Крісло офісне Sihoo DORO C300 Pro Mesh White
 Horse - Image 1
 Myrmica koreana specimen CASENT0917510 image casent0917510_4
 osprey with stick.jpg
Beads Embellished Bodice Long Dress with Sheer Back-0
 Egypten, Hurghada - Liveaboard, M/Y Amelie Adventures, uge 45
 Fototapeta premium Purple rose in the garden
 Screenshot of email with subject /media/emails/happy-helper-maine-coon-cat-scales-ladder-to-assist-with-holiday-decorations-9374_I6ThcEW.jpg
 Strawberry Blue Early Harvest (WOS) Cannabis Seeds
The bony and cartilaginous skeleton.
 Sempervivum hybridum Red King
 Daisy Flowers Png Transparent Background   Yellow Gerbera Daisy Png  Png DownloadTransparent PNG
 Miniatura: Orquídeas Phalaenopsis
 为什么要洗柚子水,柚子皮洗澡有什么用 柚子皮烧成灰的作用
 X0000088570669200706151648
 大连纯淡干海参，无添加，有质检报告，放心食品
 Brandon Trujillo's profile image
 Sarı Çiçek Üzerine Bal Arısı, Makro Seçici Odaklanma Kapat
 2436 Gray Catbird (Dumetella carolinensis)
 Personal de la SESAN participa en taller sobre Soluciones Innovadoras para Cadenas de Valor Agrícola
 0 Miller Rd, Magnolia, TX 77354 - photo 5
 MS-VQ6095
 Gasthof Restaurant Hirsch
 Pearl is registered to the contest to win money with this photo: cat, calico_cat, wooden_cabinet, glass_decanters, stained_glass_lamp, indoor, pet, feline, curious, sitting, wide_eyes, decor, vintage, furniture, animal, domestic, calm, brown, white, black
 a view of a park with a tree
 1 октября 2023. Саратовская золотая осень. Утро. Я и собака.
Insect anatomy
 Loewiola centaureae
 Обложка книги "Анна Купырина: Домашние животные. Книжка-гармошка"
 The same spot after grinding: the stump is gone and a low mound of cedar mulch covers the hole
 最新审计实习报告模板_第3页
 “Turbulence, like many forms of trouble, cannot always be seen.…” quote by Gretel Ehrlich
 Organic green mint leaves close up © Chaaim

================================

Only the lines from the one containing "Sempervivum hybridum Red King" through the one containing "Купырина: Домашние животные." are to be retyped, both boundary lines included, with no other material.

 Sempervivum hybridum Red King
 Daisy Flowers Png Transparent Background   Yellow Gerbera Daisy Png  Png DownloadTransparent PNG
 Miniatura: Orquídeas Phalaenopsis
 为什么要洗柚子水,柚子皮洗澡有什么用 柚子皮烧成灰的作用
 X0000088570669200706151648
 大连纯淡干海参，无添加，有质检报告，放心食品
 Brandon Trujillo's profile image
 Sarı Çiçek Üzerine Bal Arısı, Makro Seçici Odaklanma Kapat
 2436 Gray Catbird (Dumetella carolinensis)
 Personal de la SESAN participa en taller sobre Soluciones Innovadoras para Cadenas de Valor Agrícola
 0 Miller Rd, Magnolia, TX 77354 - photo 5
 MS-VQ6095
 Gasthof Restaurant Hirsch
 Pearl is registered to the contest to win money with this photo: cat, calico_cat, wooden_cabinet, glass_decanters, stained_glass_lamp, indoor, pet, feline, curious, sitting, wide_eyes, decor, vintage, furniture, animal, domestic, calm, brown, white, black
 a view of a park with a tree
 1 октября 2023. Саратовская золотая осень. Утро. Я и собака.
Insect anatomy
 Loewiola centaureae
 Обложка книги "Анна Купырина: Домашние животные. Книжка-гармошка"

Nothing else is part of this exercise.